-------- Provided material

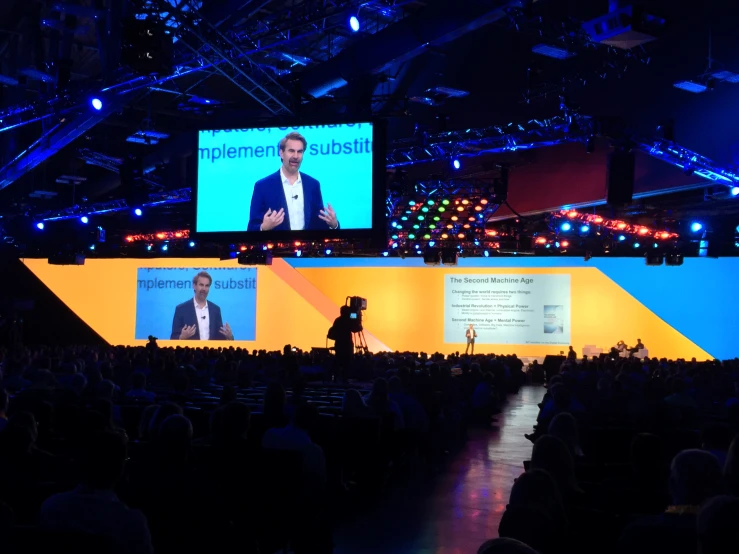 a guy presenting to a crowd on the stage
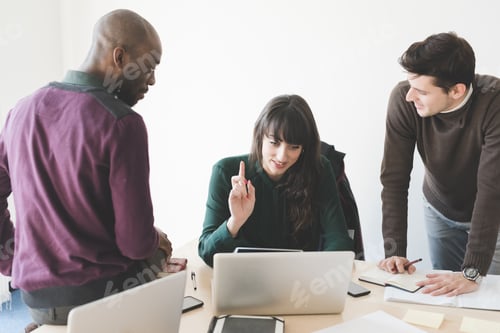 Preview: Multiracial business people working together connected tablet and notebook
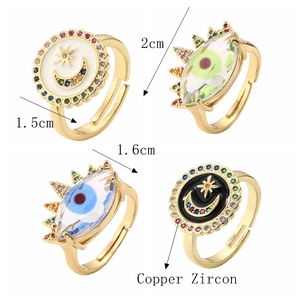 Detailed view of adjustable gold rings with moon, star, and evil eye zircon charms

----------------

Task requirements → From the material above, output every line exactly as written, dropping any picture.

Response area →
 a guy presenting to a crowd on the stage
 Preview: Multiracial business people working together connected tablet and notebook
 Detailed view of adjustable gold rings with moon, star, and evil eye zircon charms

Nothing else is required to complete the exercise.